Since then, markets have continued to price in expectations for a 25bps hike this week, with market pricing now standing
at 85-95% and tightening forecast by 47/65 surveyed by Reuters. In terms of the vote split, consensus is looking for a 6-3
vote (8/22 surveyed by Reuters), although this is far from an outright majority, with 6/22 looking for 7-2 and other forecasts
ranging from 9-0 to 4-5 (unchanged).
In terms of the potential dissenters, Barclays (looking for 7-2) believe that Ramsden will likely be a dissenter in lieu of his recent
appearance at the Treasury Select Committee, with the bank undecided on whether Cunliffe or Tenreyro will join him in his dissent.

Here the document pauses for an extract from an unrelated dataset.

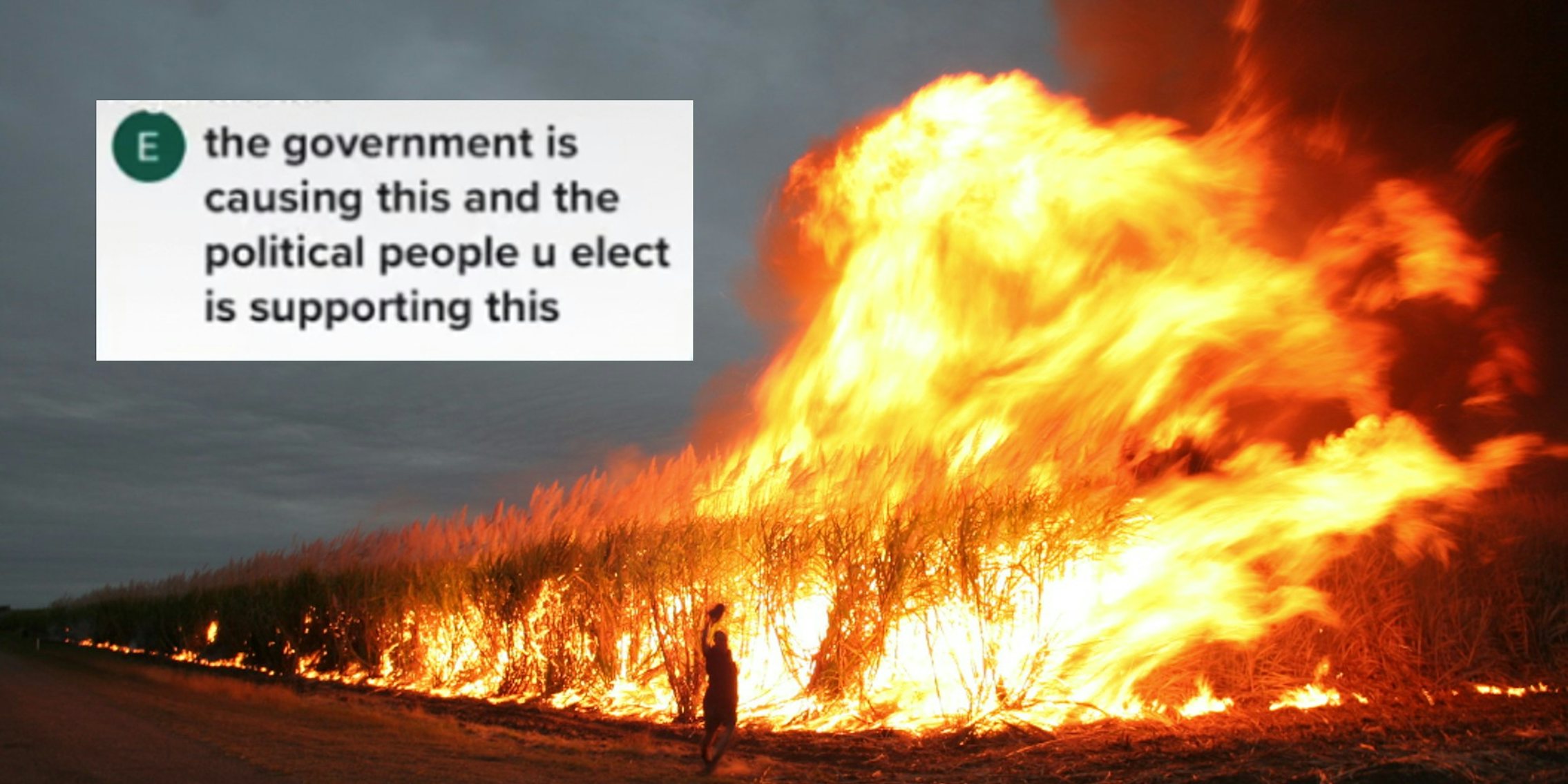 A large fire in a crop field next to a comment blaming the governmentRob and Stephanie Levy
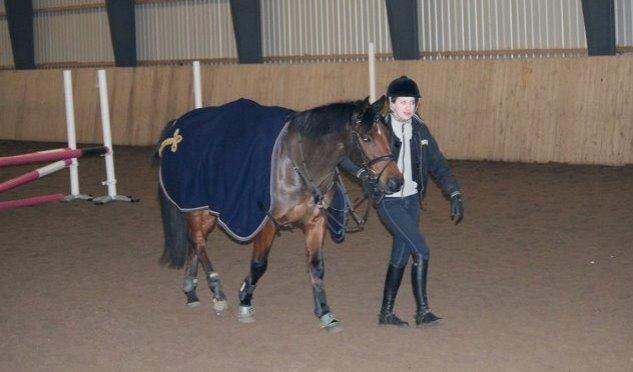 Hollandsk Sportspony Apollo billede 5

(discussed in more detail below).
DEVELOPMENTS SINCE THE PREVIOUS MEETING
GDP
Expectations for a rate hike at this week’s meeting were cemented by last week’s Q3 GDP release which printed at 0.4%
Q/Q (Exp. 0.3%) and 1.5% Y/Y (Exp. 1.4%) showing balanced growth across all sectors and in-fitting with the MPC’s August
projections. In terms of projections in the QIR, expectations are for little change this time round, although 2017 growth could be
nudged slightly higher given last week’s numbers; a view backed by BAML.
Inflation:
Y/Y CPI is currently running at 3.0% (Sep), slightly ahead of the August projections, which looked for inflation to peak in
October at around the 3% level (was changed to rise above 3% in October in the September minutes) and the Bank’s 2.8% Y/Y
forecast for September. With inflation at current levels, most expect the majority of the MPC to vote for a hike with TD
Ameritrade also highlighting that inflationary pressures have come less from exchange-rate pass through and more from domestic
factors than expected. The (slightly ahead of expectation) inflation data could be factored into near-term projections,
according to HSBC. However, RBC note that a potential higher path for rates over the 2-3yr timeframe could weigh on
inflation expectations further out in the forecast horizon.
Labour market:
The unemployment rate is currently running at 4.3% (was expected to trough at around 4.4%) and as such, RBC highlight that this
combined with low productivity could suggest that slack has eroded at a quicker rate than anticipated in August; a view that
was also referenced in the BoE’s September minutes. Core and headline weekly earnings grew slightly faster than expected
in August (2.2% 3m/y vs Exp. 2.1%), however, remain subdued by historical levels and the squeeze on real wages continues,
according to Barclays. ING suggest that markets may not see wage growth take-off to the extent the Bank is forecasting due
to ongoing Brexit uncertainty, weaker demand and cost pressures relating to the softer GBP. Therefore, look out any potential
adjustments on this front.
MPC rhetoric:
Since the September meeting, governor Carney has reiterated that a rate hike might be appropriate over the coming months.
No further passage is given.